The core of the question would be given a tuple type T1 and a second tuple type T2 which extends Partial<T1>, how could I get a third type which represents the sequence of items that are in T1 but not in T2.
Assumption I am currently making the assumption that given a tuple T, a tuple that may contain the first item in T, or the first and second items of T, or the first 3 items … etc may be represented by Partial<T>. If this is not correct please explain how this could be represented.
Context I would like to create a function f that takes a generic tuple of type T and an argument a of type T2 that extends Partial<T>, the function would then return another function with an argument of type T3 that represents a tuple that should consist of the items that when added to the first tuple argument should recreate the initial tuple. Such that tuple types T2 + T3 should equal type T, where + represents concatenating the tuples.
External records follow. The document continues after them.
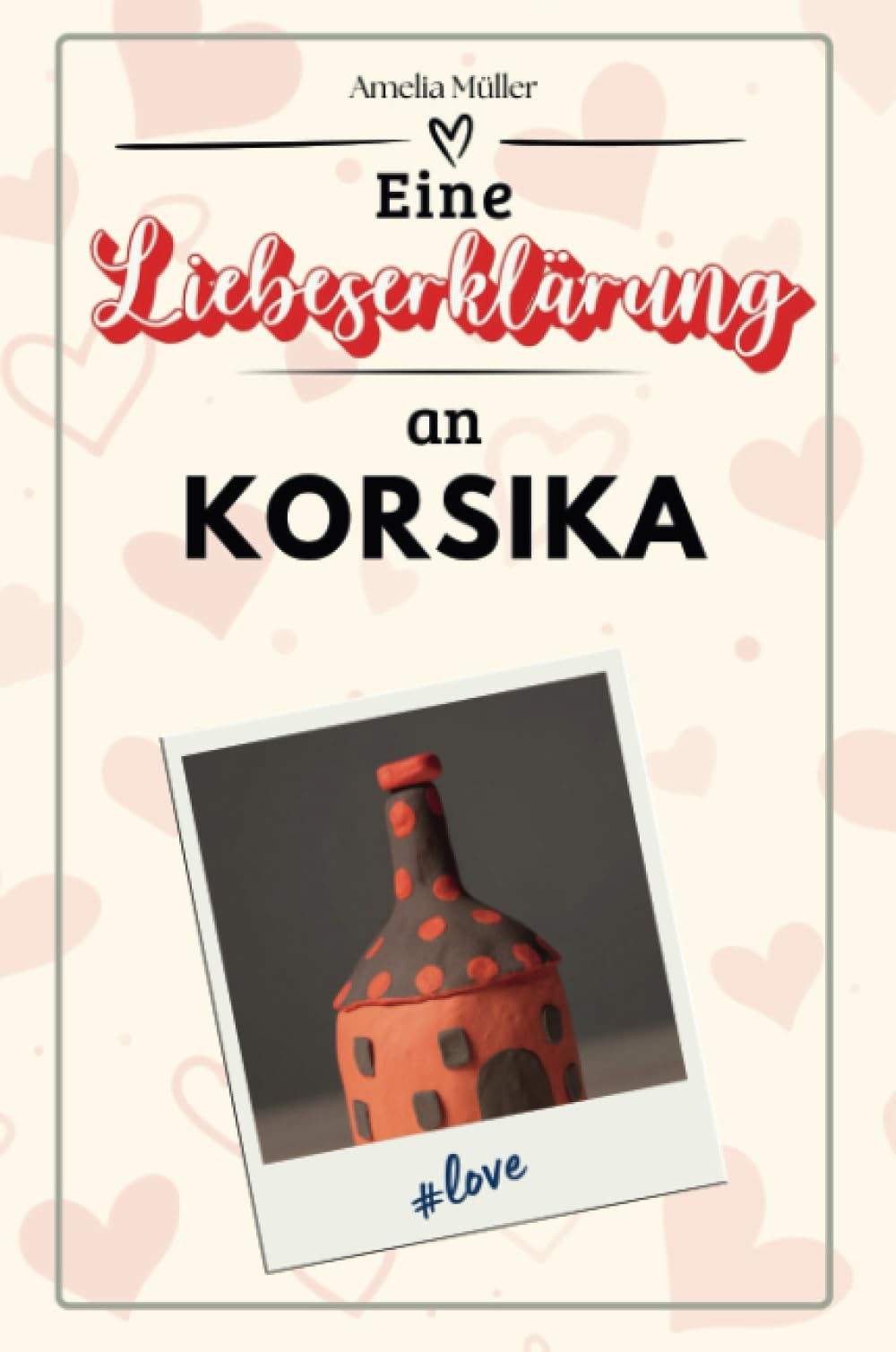 Eine Liebeserklärung an Korsika - Die große Hommage - das perfekte Geschenk für Weihnachten und Geburtstag und jeden Anlass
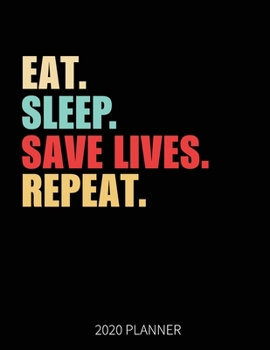 Eat Sleep Save Lives Repeat 2020 Planner: EMT Doctor Nurse Weekly Planner Includes Daily Planner & Monthly Overview | Personal Organizer With 2020 Calendar | 8.5x11 Inch White Paper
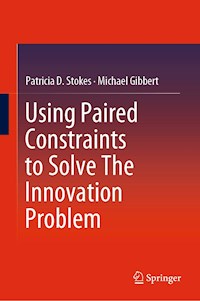 Using Paired Constraints to Solve The Innovation Problem - Patricia D. Stokes - E-Book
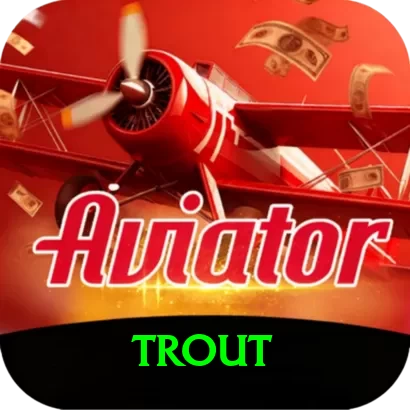 trout - Real Money Premium - 2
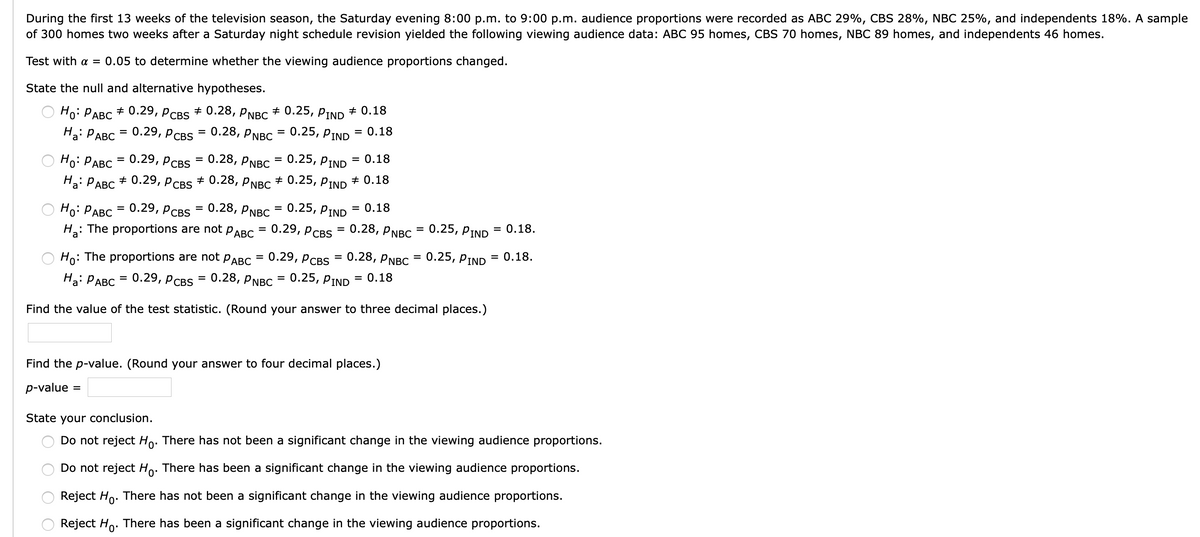 During the first 13 weeks of the television season, the Saturday evening 8:00 p.m. to 9:00 p.m. audience proportions were recorded as ABC 29%, CBS 28%, NBC 25%, and independents 18%. A sample
of 300 homes two weeks after a Saturday night schedule revision yielded the following viewing audience data: ABC 95 homes, CBS 70 homes, NBC 89 homes, and independents 46 homes.
Test with a = 0.05 to determine whether the viewing audience proportions changed.
State the null and alternative hypotheses.
Но: РАВС + 0.29, Рсвs + 0.28, РNBC + 0.25, ртND # 0.18
0.29, РсBS - 0.28, PNBC 3 0.25, РIND
= 0.18
На РАВС
%3D
Ho: РАВС 0.29, Рсвs
= 0.28, PNBC
— 0.25, РIND
= 0.18
%3D
На РАВС
+ 0.29,
P CBS
+ 0.28, PNBC
+ 0.25, PIND
+ 0.18
0.28, PNBC
0.25, PIND
= 0.18
Но: РАВС 3 0.29, РсBs
H: The proportions are not PABC
%D
О.29, РсBS
0.28, PNBC
0.25, PIND
= 0.18.
0.28, PNBC
0.25, PIND
= 0.18,
Ho: The proportions are not PABC = 0.29, PCBS
0.25, PIND
%3D
= 0.18
0.29, PсвS 3D 0.28, PNBC
%3D
Ha: PABC
%3D
Find the value of the test statistic. (Round your answer to three decimal places.)
Find the p-value. (Round your answer to four decimal places.)
p-value
%D
State your conclusion.
Do not reject Ho. There has not been a significant change in the viewing audience proportions.
Do not reject Ho: There has been a significant change in the viewing audience proportions.
Reject Ho. There has not been a significant change in the viewing audience proportions.
Reject Ho. There has been a significant change in the viewing audience proportions.
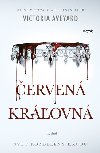 Červená kráľovná - Victoria Aveyard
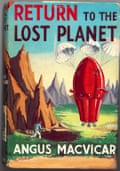 Return to the Lost Planet by Angus MacVicar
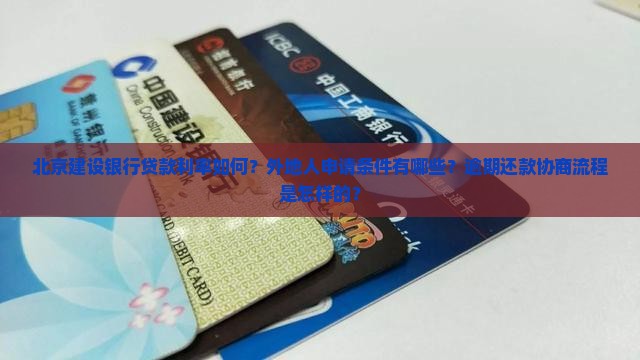 北京建设银行贷款利率如何？外地人申请条件有哪些？逾期还款协商流程是怎样的？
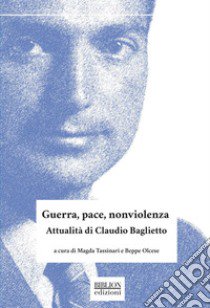 Guerra, pace, nonviolenza. Attualità di Claudio Baglietto libro di Tassinari M. (cur.); Olcese B. (cur.)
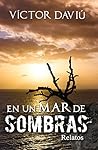 En un mar de Sombras: Relatos (Spanish Edition)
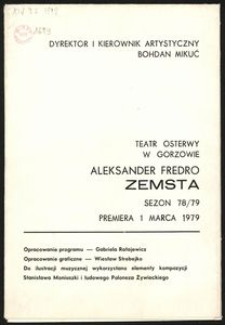 Aleksander Fredro "Zemsta" : sezon 78/79, premiera 1 marca 1979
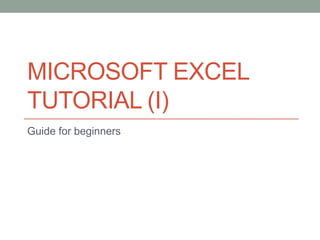 MICROSOFT EXCEL
TUTORIAL (I)
Guide for beginners
 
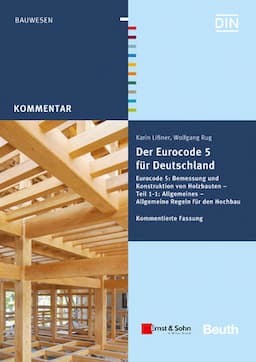 Der Eurocode 5 f&uuml;r Deutschland: DIN EN 1995 - Kommentierte Fassung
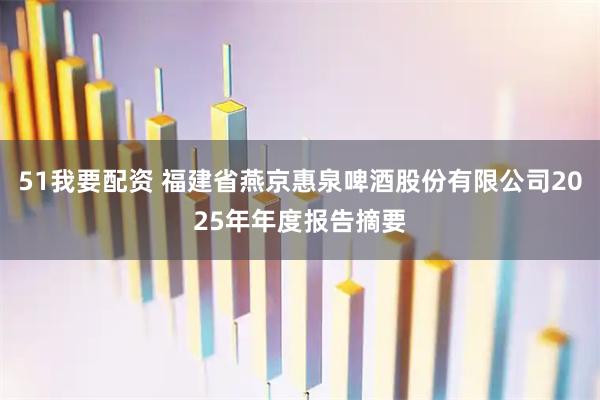 51我要配资 福建省燕京惠泉啤酒股份有限公司2025年年度报告摘要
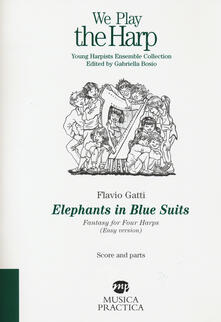Elephants in blue suits. Fantasy for four harps. (Easy version). Score and parts.pdf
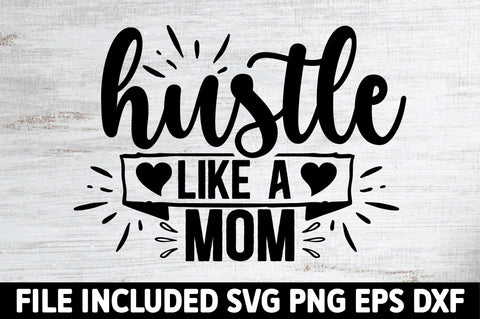 Mom Hustle Bundle SVG Ariyan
This is what I have so far
type R<T extends any[], T2 extends Partial<T>> = never; // this would represent the type I'm looking for
const f =
<T extends any[]>() =>
<T2 extends Partial<T>>(t1: T2) =>
(t2: R<T, T2>): T =>
[...t1, ...t2];
Note here there are three functions as the first one is just to provide the generic type T for use in the following two functions. If I were to call f as follows
const f1 = f<[1, 2, 3, 4, 5]>()([1,2])
f1([3,4,5])
I would like for [3,4,5] to be the expected type if possible.
Thanks for any help, here’s a playground link with the above.
>Solution :
You can use conditional type inference with variadic tuple types to "subtract" tuples:
type R<T extends any[], T2 extends Partial<T>> =
T extends [...T2, ...infer D] ? D : never
We can verify that this works as desired:
const f =
<T extends any[]>() =>
<T2 extends Partial<T>>(t1: T2) =>
(t2: R<T, T2>): T =>
[...t1, ...t2] as T;
const f1 = f<[1, 2, 3, 4, 5]>()([1, 2])
// const f1: (t2: [3, 4, 5]) => [1, 2, 3, 4, 5]
f1([3, 4, 5]); // okay
Note that in the implementation I just asserted that the return type is correct to avoid dealing with compiler errors. The reason the compiler issues an error there is primarily because it cannot reason about generic conditional types like [...T2, ...R<T, T2>] for arbitrary T and T2. All it sees is that [...t1, ...t2] is of type (T2[number] | R<T, T2>[number])[], which is correct as far as it goes, but not specific enough to guarantee that it is compatible with T.